Wednesday, October 1, 2008

Lessons Learned

My friend, a nonsmoker, is in a battle with lung cancer. She is in her second round of chemotherapy and radiation and has an amazing spirit. This week she wrote, "’I'm trying to soak in what this experience needs to teach me. I’m paying attention." Powerful words. She's a special lady.

I've been thinking about those words all day, today. Our family has faced one medical challenge after another. All three of my children were born prematurely, the youngest, weighing just 2.5 pounds. The last six years have brought countless medical visits for my daughter and I, several surgeries, the loss of my job due to illness, and a quest for our restored health and answers.

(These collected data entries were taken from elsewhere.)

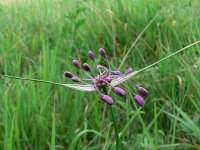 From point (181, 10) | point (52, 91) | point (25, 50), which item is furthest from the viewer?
point (181, 10)

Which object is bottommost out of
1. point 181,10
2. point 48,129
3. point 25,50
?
point 48,129

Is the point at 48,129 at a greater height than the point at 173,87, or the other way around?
the point at 173,87

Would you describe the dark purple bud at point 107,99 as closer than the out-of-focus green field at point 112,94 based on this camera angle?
Yes

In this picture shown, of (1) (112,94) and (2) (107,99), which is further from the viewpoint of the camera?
(1) (112,94)

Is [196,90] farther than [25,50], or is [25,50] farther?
[25,50]

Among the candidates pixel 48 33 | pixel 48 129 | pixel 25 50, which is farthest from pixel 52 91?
pixel 48 33

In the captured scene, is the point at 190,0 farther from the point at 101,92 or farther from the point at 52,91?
the point at 101,92

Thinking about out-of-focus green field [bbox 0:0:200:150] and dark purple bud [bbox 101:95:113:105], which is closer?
dark purple bud [bbox 101:95:113:105]

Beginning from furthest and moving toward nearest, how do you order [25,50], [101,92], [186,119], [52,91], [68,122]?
[25,50] < [52,91] < [68,122] < [186,119] < [101,92] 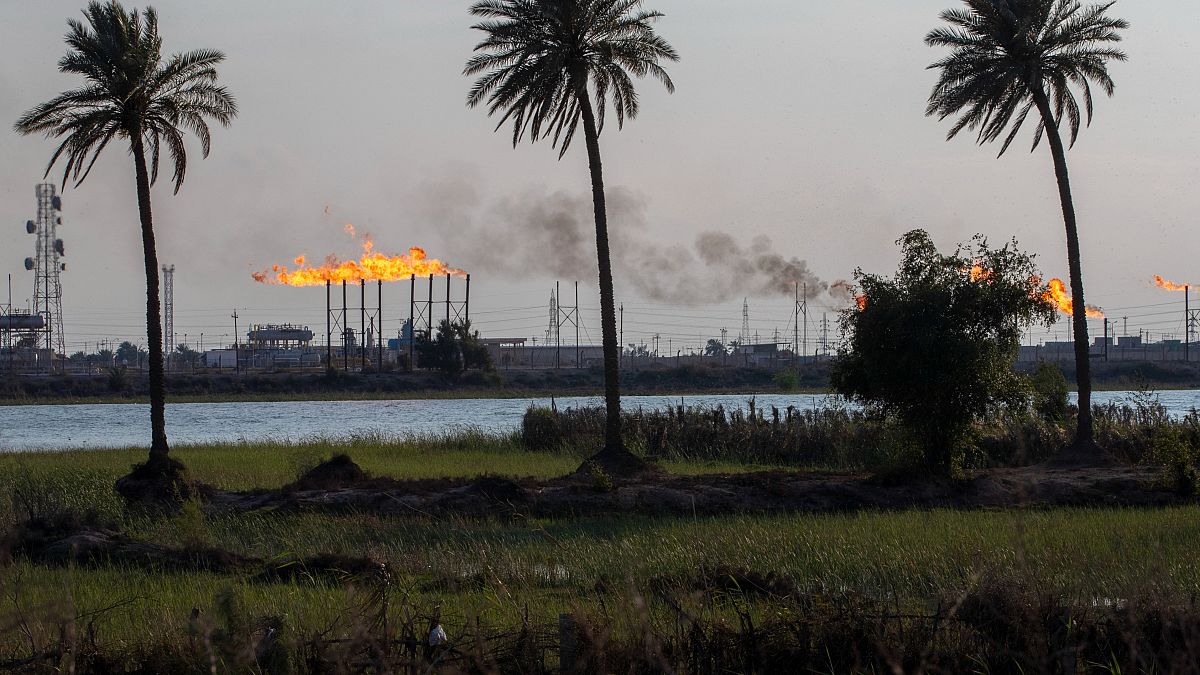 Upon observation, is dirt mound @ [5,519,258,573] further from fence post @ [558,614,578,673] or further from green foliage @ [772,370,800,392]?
green foliage @ [772,370,800,392]

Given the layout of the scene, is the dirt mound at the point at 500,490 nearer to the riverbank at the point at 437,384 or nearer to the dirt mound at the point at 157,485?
the dirt mound at the point at 157,485

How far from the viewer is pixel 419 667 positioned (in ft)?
31.1

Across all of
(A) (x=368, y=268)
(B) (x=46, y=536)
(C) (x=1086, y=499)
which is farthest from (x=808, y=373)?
(B) (x=46, y=536)

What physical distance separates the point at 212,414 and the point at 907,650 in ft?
261

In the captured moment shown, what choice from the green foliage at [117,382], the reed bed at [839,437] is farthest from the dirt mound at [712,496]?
the green foliage at [117,382]

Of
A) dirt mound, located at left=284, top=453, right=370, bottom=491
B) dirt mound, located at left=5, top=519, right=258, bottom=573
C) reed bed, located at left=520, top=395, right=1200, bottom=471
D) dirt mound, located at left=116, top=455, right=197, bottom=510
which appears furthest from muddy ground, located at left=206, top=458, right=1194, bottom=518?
dirt mound, located at left=5, top=519, right=258, bottom=573

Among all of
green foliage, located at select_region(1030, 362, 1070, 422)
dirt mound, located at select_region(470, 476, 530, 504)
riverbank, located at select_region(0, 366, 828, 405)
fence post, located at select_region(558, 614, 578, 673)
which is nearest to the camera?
fence post, located at select_region(558, 614, 578, 673)

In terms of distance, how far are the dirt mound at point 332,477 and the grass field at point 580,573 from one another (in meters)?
3.66

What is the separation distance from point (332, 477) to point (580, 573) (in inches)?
558

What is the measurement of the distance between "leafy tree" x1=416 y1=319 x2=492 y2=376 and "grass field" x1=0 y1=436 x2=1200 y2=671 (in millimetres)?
92119

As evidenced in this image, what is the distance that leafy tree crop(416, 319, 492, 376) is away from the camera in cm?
11925

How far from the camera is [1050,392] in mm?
33875

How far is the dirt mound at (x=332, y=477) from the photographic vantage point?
28.0 meters

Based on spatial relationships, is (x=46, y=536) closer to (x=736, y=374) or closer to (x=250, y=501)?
(x=250, y=501) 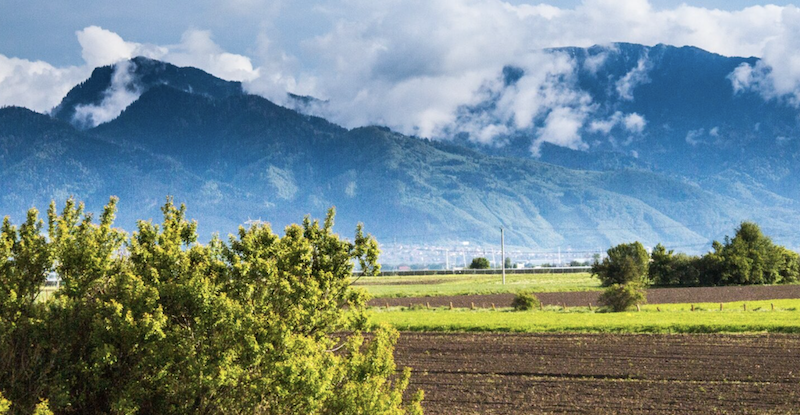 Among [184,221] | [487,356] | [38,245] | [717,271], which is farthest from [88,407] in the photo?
[717,271]

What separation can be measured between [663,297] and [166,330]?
71817 millimetres

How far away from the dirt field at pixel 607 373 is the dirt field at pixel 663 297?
33.4 m

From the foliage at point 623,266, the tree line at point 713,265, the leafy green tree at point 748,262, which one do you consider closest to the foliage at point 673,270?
the tree line at point 713,265

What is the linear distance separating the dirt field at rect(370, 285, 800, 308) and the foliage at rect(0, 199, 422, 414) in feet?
199

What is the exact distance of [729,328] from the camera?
1789 inches

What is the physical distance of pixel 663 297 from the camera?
79750 mm

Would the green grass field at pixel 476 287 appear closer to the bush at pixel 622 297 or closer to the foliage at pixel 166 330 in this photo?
the bush at pixel 622 297

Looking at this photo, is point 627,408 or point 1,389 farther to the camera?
point 627,408

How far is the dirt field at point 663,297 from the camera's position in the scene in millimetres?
77000

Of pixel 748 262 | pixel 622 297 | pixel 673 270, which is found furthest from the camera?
pixel 673 270

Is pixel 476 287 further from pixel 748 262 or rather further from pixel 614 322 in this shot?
pixel 614 322

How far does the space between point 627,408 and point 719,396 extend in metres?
3.48

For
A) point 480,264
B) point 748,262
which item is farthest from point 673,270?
point 480,264

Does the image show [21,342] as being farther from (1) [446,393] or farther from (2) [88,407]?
(1) [446,393] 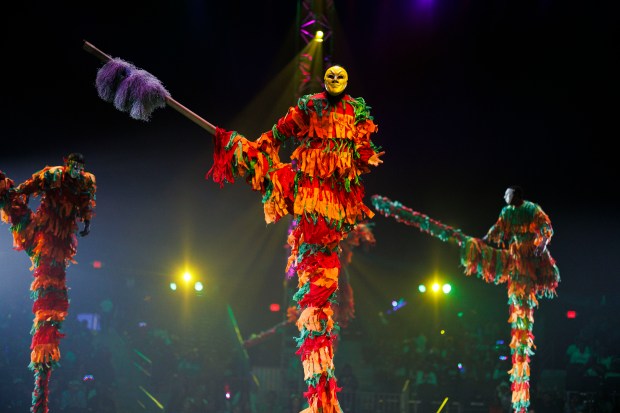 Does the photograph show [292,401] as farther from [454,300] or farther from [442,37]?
[442,37]

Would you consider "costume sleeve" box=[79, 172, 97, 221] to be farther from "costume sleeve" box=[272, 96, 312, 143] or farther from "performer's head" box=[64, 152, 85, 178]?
"costume sleeve" box=[272, 96, 312, 143]

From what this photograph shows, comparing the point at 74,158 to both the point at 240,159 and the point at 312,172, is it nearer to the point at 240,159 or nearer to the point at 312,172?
the point at 240,159

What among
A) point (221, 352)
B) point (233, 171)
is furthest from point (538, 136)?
point (233, 171)

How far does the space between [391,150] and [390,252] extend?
88.2 inches

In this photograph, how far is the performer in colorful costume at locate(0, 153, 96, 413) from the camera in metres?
4.45

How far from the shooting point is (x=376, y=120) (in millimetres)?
8211

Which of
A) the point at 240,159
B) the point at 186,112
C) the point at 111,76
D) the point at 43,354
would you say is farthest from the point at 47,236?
the point at 240,159

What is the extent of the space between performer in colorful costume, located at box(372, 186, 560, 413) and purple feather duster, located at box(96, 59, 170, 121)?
3349 mm

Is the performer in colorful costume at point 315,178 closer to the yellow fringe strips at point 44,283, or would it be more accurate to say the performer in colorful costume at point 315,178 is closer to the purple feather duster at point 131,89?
the purple feather duster at point 131,89

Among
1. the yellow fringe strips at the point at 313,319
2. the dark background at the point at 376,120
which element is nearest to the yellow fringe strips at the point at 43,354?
the yellow fringe strips at the point at 313,319

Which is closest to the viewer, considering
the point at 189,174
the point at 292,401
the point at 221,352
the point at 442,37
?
the point at 442,37

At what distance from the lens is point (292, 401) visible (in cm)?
804

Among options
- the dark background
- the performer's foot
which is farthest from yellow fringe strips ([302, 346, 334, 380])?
the dark background

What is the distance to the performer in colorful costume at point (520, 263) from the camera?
521 cm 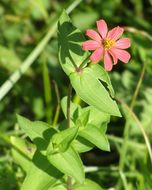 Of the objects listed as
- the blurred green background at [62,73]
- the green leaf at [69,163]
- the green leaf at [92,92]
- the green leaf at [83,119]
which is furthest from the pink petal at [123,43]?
the blurred green background at [62,73]

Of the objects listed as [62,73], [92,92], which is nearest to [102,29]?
[92,92]

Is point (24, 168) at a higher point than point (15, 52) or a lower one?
lower

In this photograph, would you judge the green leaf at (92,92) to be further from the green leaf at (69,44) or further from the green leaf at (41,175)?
the green leaf at (41,175)

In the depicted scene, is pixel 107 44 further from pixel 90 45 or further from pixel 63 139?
pixel 63 139

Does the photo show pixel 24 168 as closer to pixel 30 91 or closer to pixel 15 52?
pixel 30 91

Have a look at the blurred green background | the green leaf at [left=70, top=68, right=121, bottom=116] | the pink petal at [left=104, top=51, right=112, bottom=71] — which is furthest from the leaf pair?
the blurred green background

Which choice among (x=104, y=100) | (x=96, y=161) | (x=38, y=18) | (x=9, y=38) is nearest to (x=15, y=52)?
(x=9, y=38) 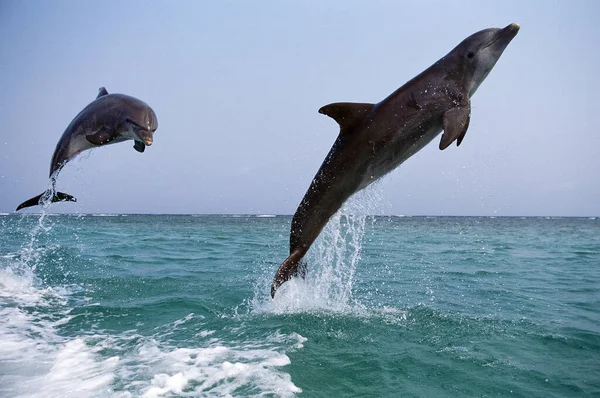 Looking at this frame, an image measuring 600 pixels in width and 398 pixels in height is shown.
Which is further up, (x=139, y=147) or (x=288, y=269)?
(x=139, y=147)

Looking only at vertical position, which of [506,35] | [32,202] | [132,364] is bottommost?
[132,364]

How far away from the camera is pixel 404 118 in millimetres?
5352

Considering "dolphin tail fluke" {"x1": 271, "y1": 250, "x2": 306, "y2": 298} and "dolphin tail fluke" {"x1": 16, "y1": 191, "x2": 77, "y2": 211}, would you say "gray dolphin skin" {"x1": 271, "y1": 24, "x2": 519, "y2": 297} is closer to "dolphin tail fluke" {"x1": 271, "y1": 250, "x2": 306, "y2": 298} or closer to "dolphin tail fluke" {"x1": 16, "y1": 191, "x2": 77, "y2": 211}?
"dolphin tail fluke" {"x1": 271, "y1": 250, "x2": 306, "y2": 298}

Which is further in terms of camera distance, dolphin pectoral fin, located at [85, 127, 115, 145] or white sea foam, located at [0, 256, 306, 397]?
dolphin pectoral fin, located at [85, 127, 115, 145]

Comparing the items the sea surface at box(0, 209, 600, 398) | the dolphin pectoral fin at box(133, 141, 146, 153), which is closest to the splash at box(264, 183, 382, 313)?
the sea surface at box(0, 209, 600, 398)

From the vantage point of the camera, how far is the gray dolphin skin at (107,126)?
225 inches

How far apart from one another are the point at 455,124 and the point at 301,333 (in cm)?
354

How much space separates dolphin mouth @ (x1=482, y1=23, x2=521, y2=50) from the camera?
5.19 m

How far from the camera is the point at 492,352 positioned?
Result: 6.05m

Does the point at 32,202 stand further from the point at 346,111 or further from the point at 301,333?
the point at 346,111

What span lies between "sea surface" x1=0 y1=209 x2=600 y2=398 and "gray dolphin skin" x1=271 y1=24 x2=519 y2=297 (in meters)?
1.10

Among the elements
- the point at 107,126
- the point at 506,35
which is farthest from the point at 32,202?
the point at 506,35

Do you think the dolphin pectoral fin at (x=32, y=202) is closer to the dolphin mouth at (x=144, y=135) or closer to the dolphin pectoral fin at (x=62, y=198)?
the dolphin pectoral fin at (x=62, y=198)

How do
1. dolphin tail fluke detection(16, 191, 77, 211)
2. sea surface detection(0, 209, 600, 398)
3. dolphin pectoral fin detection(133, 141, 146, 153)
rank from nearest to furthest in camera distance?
sea surface detection(0, 209, 600, 398) < dolphin pectoral fin detection(133, 141, 146, 153) < dolphin tail fluke detection(16, 191, 77, 211) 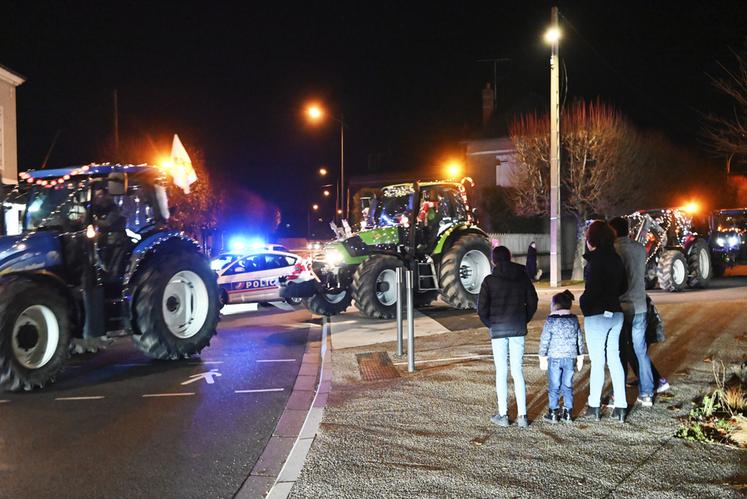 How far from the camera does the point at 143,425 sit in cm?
705

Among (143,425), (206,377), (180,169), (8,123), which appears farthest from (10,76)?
(143,425)

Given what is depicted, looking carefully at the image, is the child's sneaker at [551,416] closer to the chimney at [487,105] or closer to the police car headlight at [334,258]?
the police car headlight at [334,258]

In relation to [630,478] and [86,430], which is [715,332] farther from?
[86,430]

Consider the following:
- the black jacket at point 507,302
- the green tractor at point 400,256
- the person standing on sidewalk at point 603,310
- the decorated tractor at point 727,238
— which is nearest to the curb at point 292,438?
the black jacket at point 507,302

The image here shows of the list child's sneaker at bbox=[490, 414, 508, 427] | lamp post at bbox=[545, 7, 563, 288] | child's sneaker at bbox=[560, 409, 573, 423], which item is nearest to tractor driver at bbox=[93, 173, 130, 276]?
child's sneaker at bbox=[490, 414, 508, 427]

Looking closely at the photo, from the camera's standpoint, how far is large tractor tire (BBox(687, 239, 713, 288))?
1978cm

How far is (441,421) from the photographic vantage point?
6.67 metres

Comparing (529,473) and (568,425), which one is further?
(568,425)

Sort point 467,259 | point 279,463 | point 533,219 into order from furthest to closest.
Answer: point 533,219, point 467,259, point 279,463

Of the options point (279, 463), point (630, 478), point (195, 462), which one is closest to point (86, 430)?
point (195, 462)

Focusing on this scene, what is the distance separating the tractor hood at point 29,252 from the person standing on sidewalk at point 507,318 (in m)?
5.64

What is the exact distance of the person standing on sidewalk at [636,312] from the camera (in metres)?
6.84

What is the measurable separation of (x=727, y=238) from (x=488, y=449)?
21976 mm

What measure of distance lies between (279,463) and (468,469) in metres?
1.62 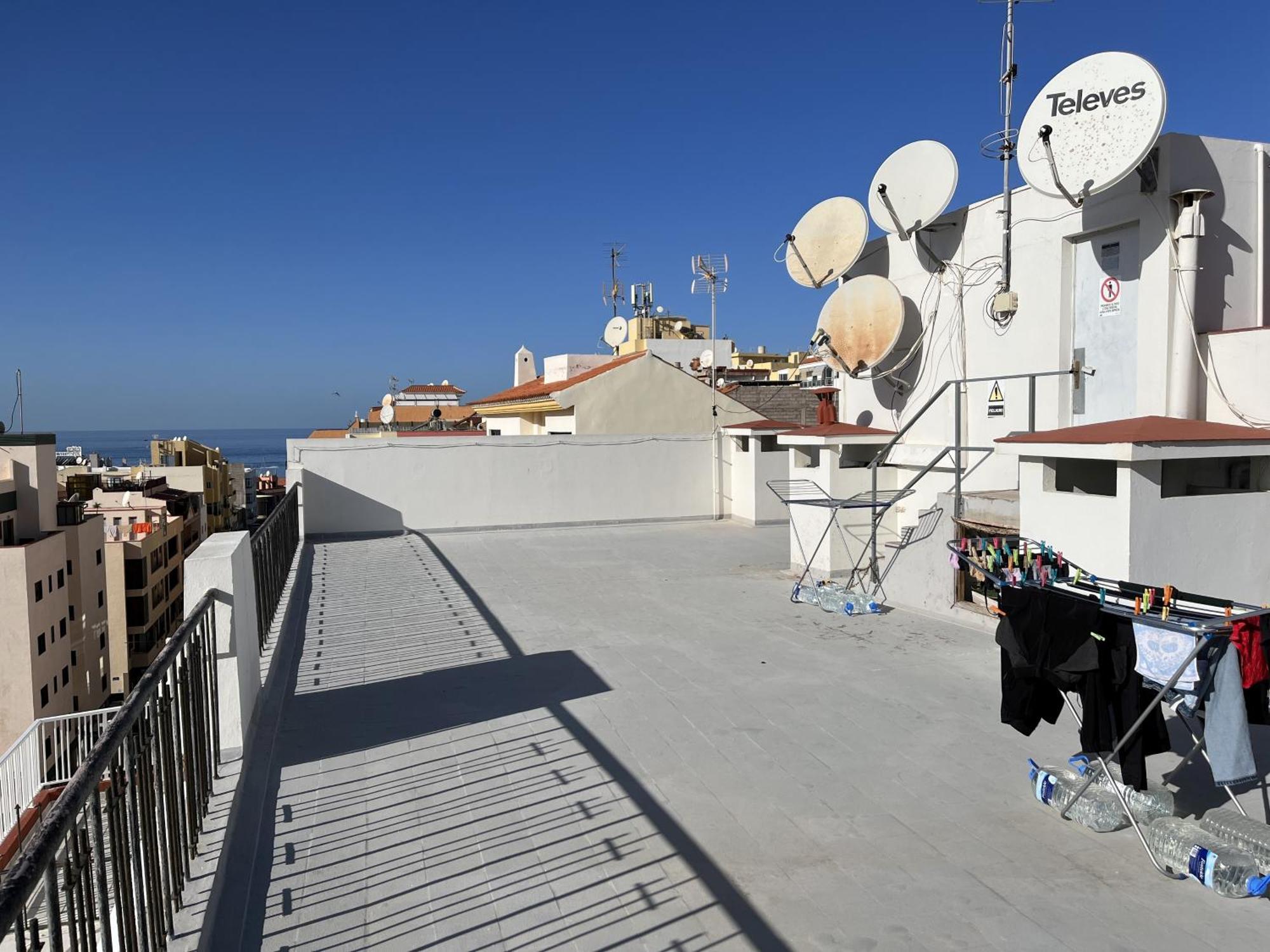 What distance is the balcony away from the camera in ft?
10.1

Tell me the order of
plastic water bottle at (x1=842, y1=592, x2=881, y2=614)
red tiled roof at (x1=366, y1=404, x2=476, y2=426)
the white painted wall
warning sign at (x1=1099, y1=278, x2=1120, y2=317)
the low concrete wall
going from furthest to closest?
red tiled roof at (x1=366, y1=404, x2=476, y2=426), the low concrete wall, plastic water bottle at (x1=842, y1=592, x2=881, y2=614), warning sign at (x1=1099, y1=278, x2=1120, y2=317), the white painted wall

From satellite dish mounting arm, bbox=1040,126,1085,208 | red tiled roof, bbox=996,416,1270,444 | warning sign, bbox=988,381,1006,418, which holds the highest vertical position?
satellite dish mounting arm, bbox=1040,126,1085,208

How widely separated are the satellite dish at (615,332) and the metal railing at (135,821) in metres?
26.1

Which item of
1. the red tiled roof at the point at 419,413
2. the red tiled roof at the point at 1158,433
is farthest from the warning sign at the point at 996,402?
the red tiled roof at the point at 419,413

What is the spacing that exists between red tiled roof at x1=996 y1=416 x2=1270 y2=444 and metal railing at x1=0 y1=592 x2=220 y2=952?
548 centimetres

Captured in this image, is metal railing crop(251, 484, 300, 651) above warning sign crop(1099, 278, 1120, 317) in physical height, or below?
below

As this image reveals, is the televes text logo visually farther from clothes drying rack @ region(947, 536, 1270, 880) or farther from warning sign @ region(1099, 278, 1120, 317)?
clothes drying rack @ region(947, 536, 1270, 880)

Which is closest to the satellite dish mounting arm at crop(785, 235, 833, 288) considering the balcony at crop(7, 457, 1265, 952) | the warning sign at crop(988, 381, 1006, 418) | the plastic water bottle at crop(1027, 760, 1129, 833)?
the warning sign at crop(988, 381, 1006, 418)

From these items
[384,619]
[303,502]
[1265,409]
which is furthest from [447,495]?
[1265,409]

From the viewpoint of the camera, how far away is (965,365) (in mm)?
9945

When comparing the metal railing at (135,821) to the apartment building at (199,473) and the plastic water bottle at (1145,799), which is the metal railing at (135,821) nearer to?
the plastic water bottle at (1145,799)

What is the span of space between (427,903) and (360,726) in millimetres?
2152

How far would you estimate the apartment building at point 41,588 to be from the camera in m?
28.4

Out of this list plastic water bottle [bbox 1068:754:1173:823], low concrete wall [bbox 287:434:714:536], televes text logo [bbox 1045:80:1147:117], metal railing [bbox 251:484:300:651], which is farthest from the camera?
low concrete wall [bbox 287:434:714:536] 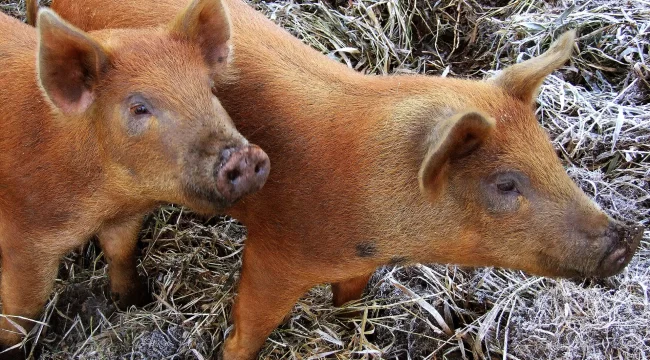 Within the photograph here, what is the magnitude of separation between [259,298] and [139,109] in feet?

Jane's words prompt me to think about what I've learned from our own experiences.

1) Never wear a watch. When you are waiting, the time goes by much faster without one.

2) Live in the moment. If your daughter wants to get the Christmas tree lights out in October and turn the dining room into her favorite soup and sandwich hang-out, join her. Just don't tell your friends when it starts to snow. : )

3) Find the gifts and blessings. Today's: a rainbow, physical therapy, a feature in livelearnnow , spending time with a dear friend, listening to my daughters sing. They are all around. The kind people you meet each day. A fresh tomato from the garden. Dad's beautiful flowers. Dark organic chocolate. A smile and hug when your child runs to meet you from the bus. Family.

4) I trust my own instincts.

5) I've learned you must be an advocate for yourself in the medical field.

6) Try to stay level. As my internist keeps reminding me, "You're running a marathon." : )

7 ) Accept help. My sister with breast cancer taught me the importance of this. Likewise, help others whenever you can.

8) If asked, "How are you doing?" I now answer, "We're okay."

9) You can make the world better one smile at a time and always remember, your sense of humor is your best medicine.

I had a strange experience last spring. In going through my medical history again for the "zillionth" time, a nurse expressed surprise when she learned I had been a science teacher.

"You don't seem like the average teacher!" she said.

When I asked her what she meant, she explained, "You aren't rushed!"

Perhaps I am a different person for all of this. One of my daughter's doctor's once said, 'We would never wish any of this on a child, but kids that face adversity grow up to be pretty special adults.'

So far, his wisdom has proved to be absolutely true.